**What to do:** The material below includes pictures; leave them out and return only the lines between the line containing "Here are some" and the line containing "What was the", inclusive, word for word.

**Given data:**
╔══
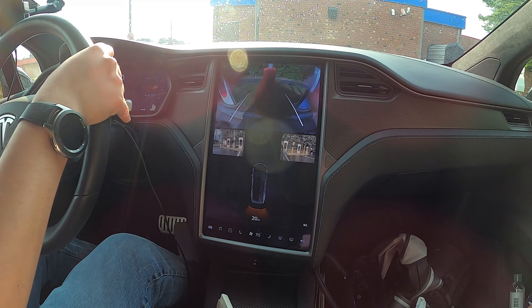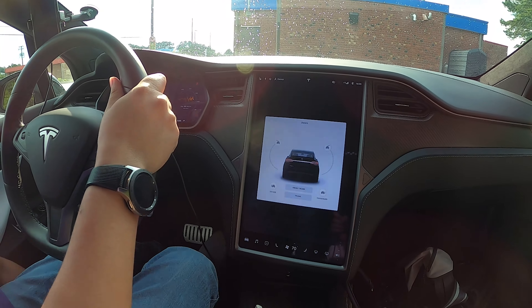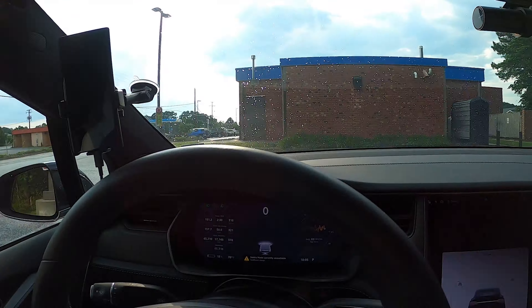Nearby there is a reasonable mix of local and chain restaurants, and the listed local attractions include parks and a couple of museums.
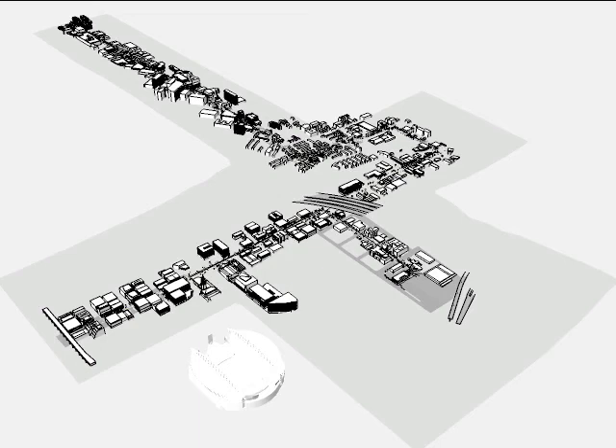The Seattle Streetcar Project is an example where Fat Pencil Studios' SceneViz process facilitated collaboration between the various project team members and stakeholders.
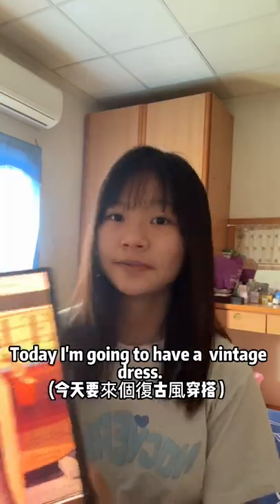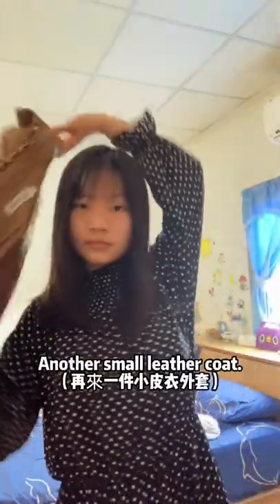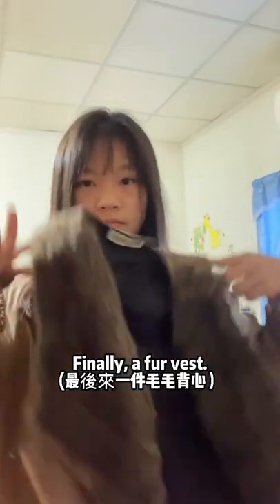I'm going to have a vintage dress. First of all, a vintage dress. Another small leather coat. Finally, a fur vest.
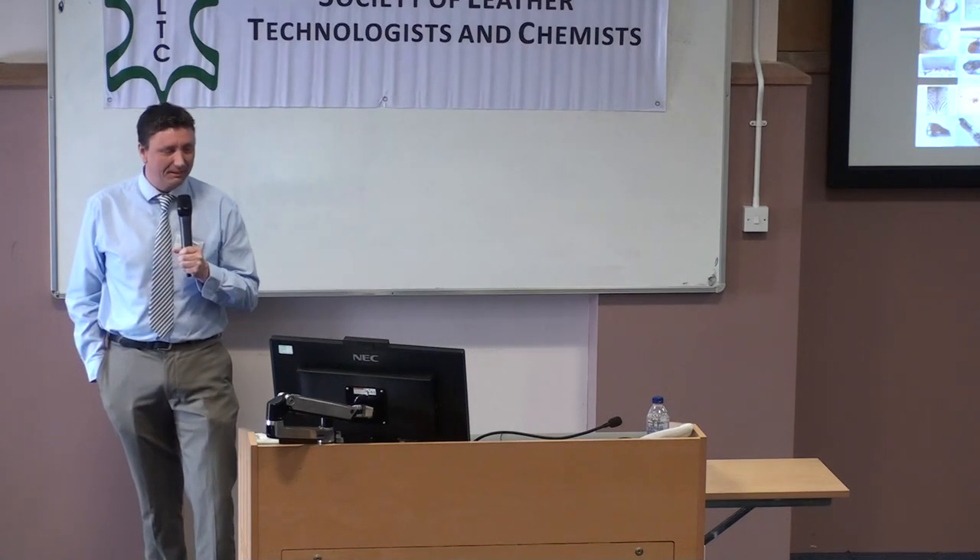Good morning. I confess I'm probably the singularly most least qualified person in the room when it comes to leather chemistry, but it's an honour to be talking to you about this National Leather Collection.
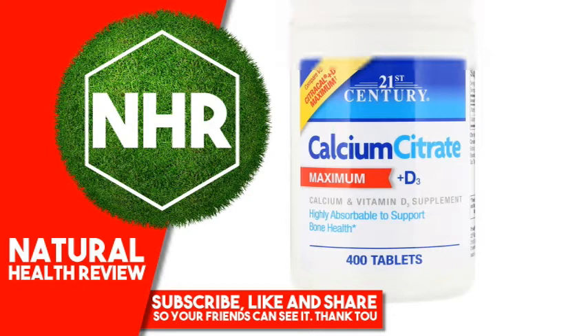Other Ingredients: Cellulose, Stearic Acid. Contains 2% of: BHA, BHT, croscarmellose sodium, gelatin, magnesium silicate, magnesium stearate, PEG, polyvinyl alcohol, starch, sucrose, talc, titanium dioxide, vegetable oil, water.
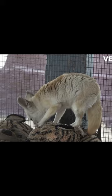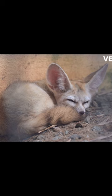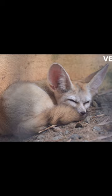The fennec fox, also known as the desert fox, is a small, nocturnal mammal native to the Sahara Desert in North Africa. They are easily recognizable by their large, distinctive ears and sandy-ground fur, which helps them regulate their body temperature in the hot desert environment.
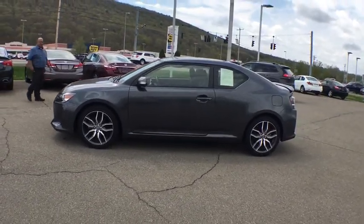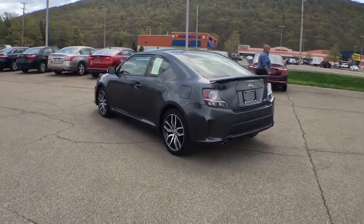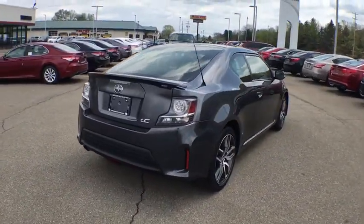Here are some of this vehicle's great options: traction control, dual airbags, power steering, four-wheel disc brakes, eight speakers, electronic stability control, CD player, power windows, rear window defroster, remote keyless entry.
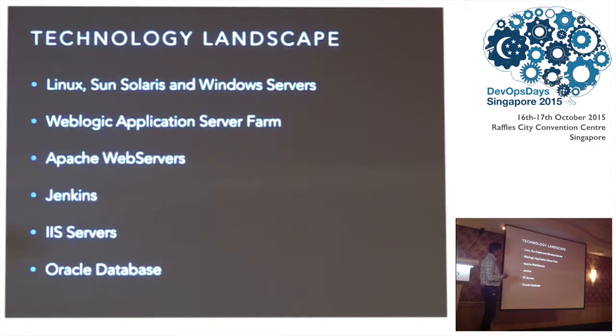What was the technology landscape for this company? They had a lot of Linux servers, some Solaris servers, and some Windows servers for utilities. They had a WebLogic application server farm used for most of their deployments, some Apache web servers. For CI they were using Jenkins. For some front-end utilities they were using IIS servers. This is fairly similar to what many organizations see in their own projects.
╚══
╔══
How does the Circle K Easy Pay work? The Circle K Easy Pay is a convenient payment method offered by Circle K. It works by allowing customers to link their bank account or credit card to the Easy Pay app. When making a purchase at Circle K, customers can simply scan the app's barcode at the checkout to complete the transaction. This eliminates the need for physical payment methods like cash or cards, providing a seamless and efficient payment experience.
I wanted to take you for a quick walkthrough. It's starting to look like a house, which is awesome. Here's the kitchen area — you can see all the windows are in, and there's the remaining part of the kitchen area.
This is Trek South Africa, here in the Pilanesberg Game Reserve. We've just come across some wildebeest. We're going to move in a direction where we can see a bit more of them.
╚══
**Result for this exercise:**
Here are some of this vehicle's great options: traction control, dual airbags, power steering, four-wheel disc brakes, eight speakers, electronic stability control, CD player, power windows, rear window defroster, remote keyless entry.
What was the technology landscape for this company? They had a lot of Linux servers, some Solaris servers, and some Windows servers for utilities. They had a WebLogic application server farm used for most of their deployments, some Apache web servers. For CI they were using Jenkins. For some front-end utilities they were using IIS servers. This is fairly similar to what many organizations see in their own projects.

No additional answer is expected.